1.17.2009

TNNA

The San Diego trip was wonderful. The weather cooperated - the Santa Ana winds didn't follow us south - and the hotel was (almost) as beautiful as advertised. The inn was built around the 100 year old Spreckles mansion - Spreckles was an early investor/developer in San Diego and Coronado, holding a controlling interest in the Hotel Del Coronado and owning all but about 6 parcels of Coronado island. The main part of the inn was gorgeous. Our room - and most of the guest rooms - was in one of the newer, probably 60's era, wings around the main mansion. Not quite as nice but clean, quiet, with a very comfy bed. The best part was being right on Coronado's main drag, just a short walk to very nice shops and restaurants.

The entire island is less than 2 miles wide, with stunning views of San Diego's downtown skyline, and gorgeous mansions lining the beaches.
Notice the shawl?

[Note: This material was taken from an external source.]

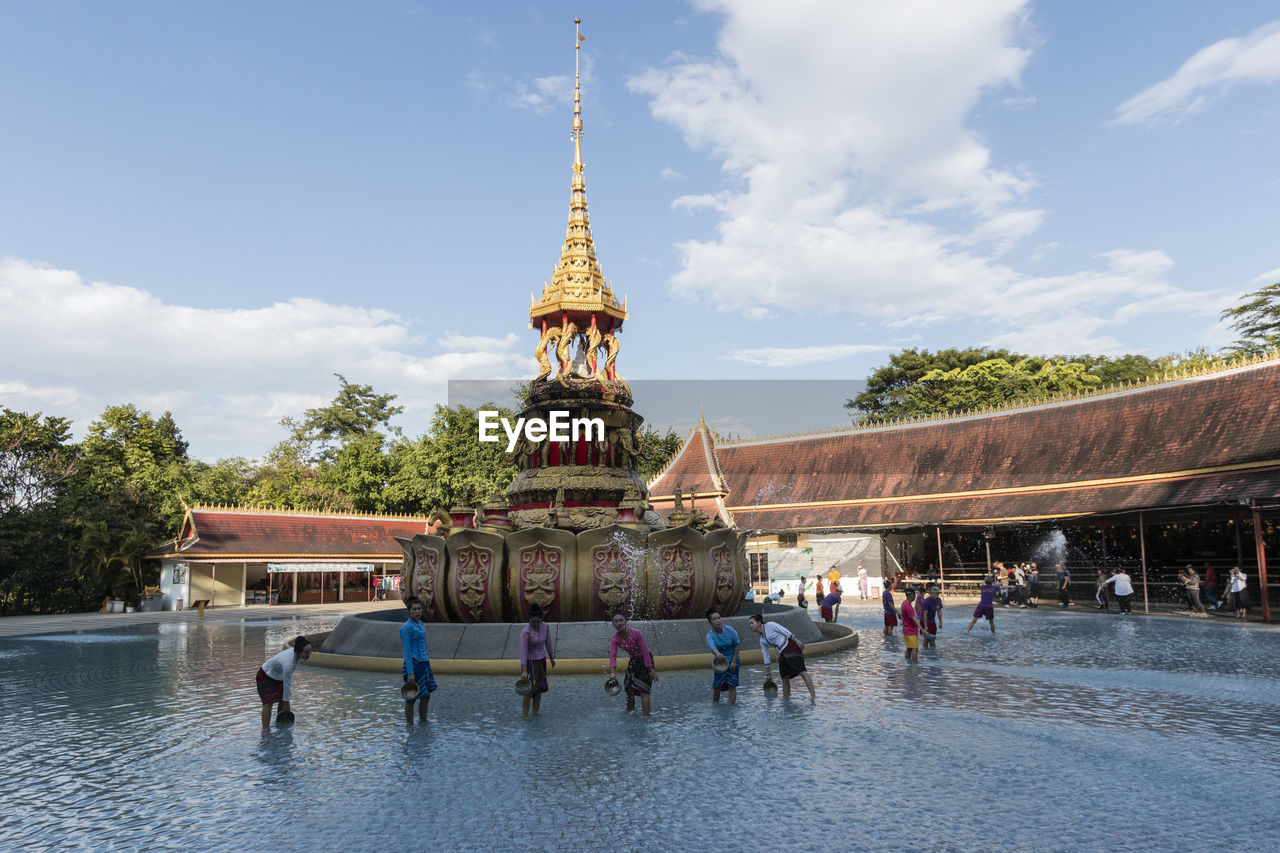 GROUP OF PEOPLE IN TEMPLE AGAINST BUILDING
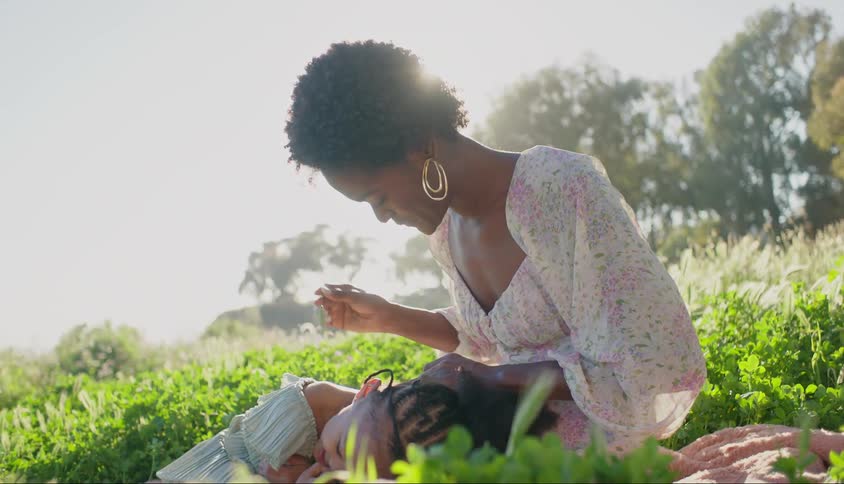 Mother with a feather tickling her daughters neck while they are in a garden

It's my newest FO; details tomorrow.

While I was in class on Friday (details below), Dick toured the USS Midway which is on permanent display in San Diego.
He got through just a fraction of the 1001 foot long, 18 deck ship, but was able to tour the flight deck, island (what I'd call the bridge), and some of the quarters. Did you know that the Midway:
  • used 260 gallons of fuel per mile
  • was the 20th century's longest serving carrier
  • had 225 cooks, 200 pilots, 2 physicians and 1 dentist
  • served 13,500 meals per day using 3,000 potatoes and 1,000 loaves of bread
You didn't know that? Hmm, neither did I. . .

My TNNA class - Lily Chin's 'Crocheted Tips, Tricks & Hints - was great. She's very exuberant and very New York - fast talking, fast moving - and she knows her stuff when it comes to crocheting and knitting. Some of the things she talked about in the beginning I already knew (foundation stitches) and some of her ideas are too fiddly or complicated to be of practical use, at least to me (crocheting over cotton rather than using a beginning chain row),
but others I've already incorporated into my work and plan to pass on in my classes.

Our trip home was l.o.n.g. We made great time until just south of LAX, when traffic came to a slow, grinding almost-halt. We thought it was just the usual get-out-of-LA-for-the-holiday-weekend rush but after 45 minutes turned on the radio to discover a Sig-alert for a tanker truck that had overturned on the 405 by the Getty Museum. We used Dick's Christmas present - a Garmin GPS unit; great fun to play with tool - to route us around the mess and out to the Pacific Coast Highway. When we left San Diego we thought we'd be home by 4:30; we finally straggled in the front door at 6:30. Not bad by LA commuting standards, but definitely a pain in the b**t. Literally.